Все радости его созданий принадлежали ему; тут-то и крылись те восторги, которые снедали его столь убогую по внешности жизнь. Он играл своими людьми, как ростовщик Гобсек теми несчастными, что без всякой надежды на успех приходили просить у него взаймы, а он заставлял их дергаться, словно рыб на крючке, испытующе взирая на их горе, веселье и страдания, как на более или менее талантливую игру актеров. И сердце его под грязной курткой Гобсека говорит так: «Неужели вы думаете, что это ничего не значит, когда проникаешь таким образом в сокровеннейшие уголки человеческого сердца, когда проникаешь в него так глубоко и видишь его перед собой во всей его наготе?» Ибо он, этот волшебник воли, претворял чужое в свое и мечты в жизнь.
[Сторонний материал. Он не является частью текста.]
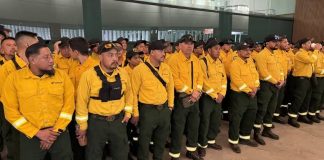 México envía equipo de 103 brigadistas a Canadá para ayudar en combate a incendios forestales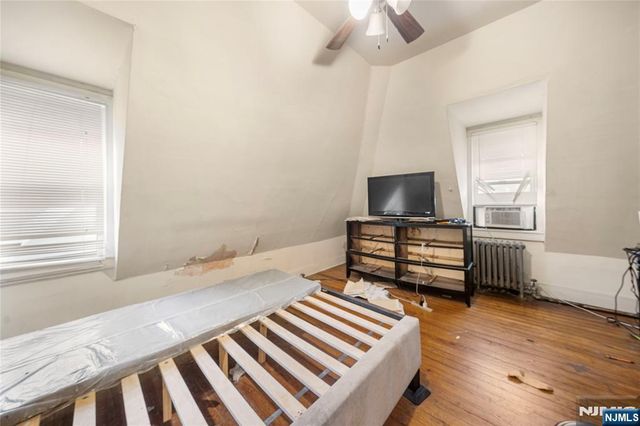 70 N Essex Avenue, Orange, NJ 07050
Рассказывают, будто в дни молодости, питаясь у себя в мансарде одними сухарями, он рисовал мелом на столе контуры тарелок и вписывал туда названия самых лакомых и любимых кушаний, чтобы силой внушения ощутить в черством хлебе вкус изысканнейших блюд.
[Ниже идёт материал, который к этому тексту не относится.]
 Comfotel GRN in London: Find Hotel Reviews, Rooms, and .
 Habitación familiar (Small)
И если здесь он рассчитывал на известные вкусовые ощущения и в самом деле их обретал, то, вероятно, совершенно так же в эликсирах своих книг вкушал он неистовыми глотками все прочие прелести жизни и совершенно так же обманывал собственную бедность богатством и роскошью своих слуг. Вечно терзаемый долгами и преследуемый кредиторами, он испытывал несомненно чувственное возбуждение, когда писал: сто тысяч франков годового дохода. Ведь это он сам рылся в картинах Эли Мапоса; это он в роли старика Горио любил двух своих дочерей-графинь, это он подымался с Се-рафитом на горные вершины над никогда не виданными им норвежскими фиордами или приковывал к себе вместе с Рюбампре восхищенные взгляды красавиц. Он, он сам был тот, ради кого, словно потоки раскаленной лавы, извергались страстные желания из всех этих людей, из людей, для которых он варил из светлых и темных трав напиток счастья и горя.
Никогда ни один писатель не приобщался так полно, как он, к наслаждениям своих героев. Именно там, где он дает картины вожделенного богатства, именно там сильнее, нежели в эротических приключениях, чувствуется опьянение самообольстителя, гашишные грезы одинокого. Это и есть его сокровеннейшая страсть — этот прилив и отлив цифр, это жадное выигрывание и проигрывание крупных сумм, эта переброска капиталов из рук в руки, разбухание балансов, бурное падение ценных бумаг, провалы и подъемы в беспредельность.
По его велениям миллионы, словно гром, обрушиваются на головы нищих, и, как ртуть, растекаются капиталы в слабых руках. Со сладострастием живописует он роскошные особняки богатых кварталов и всю магию денег. Слова «миллионы» и «миллиарды» произносятся у него всегда с затаенным дыханием, в каком-то косноязычном изнеможении, с хрипом исступленной похоти. Полные неги, словно одалиски в гареме, стоят рядами предметы убранства пышных чертогов, и, как драгоценные регалии, разложены атрибуты человеческого могущества. Даже рукописи его прожжены этой лихорадкой. Можно проследить, как спокойные, нарядные вначале строки вздуваются, подобно жилам на лбу разгневанного человека, как они расшатываются, становятся торопливее, рвутся опередить одна другую, испещренные пятнами кофе, которым он взбадривал утомленные нервы; кажется, будто слышишь прерывистое, шумное пыхтение перегретой машины, фанатические, маниакальные судороги творца этих строк, алчность «Дон-Жуана речи», человека, стремящегося все получить и всем обладать.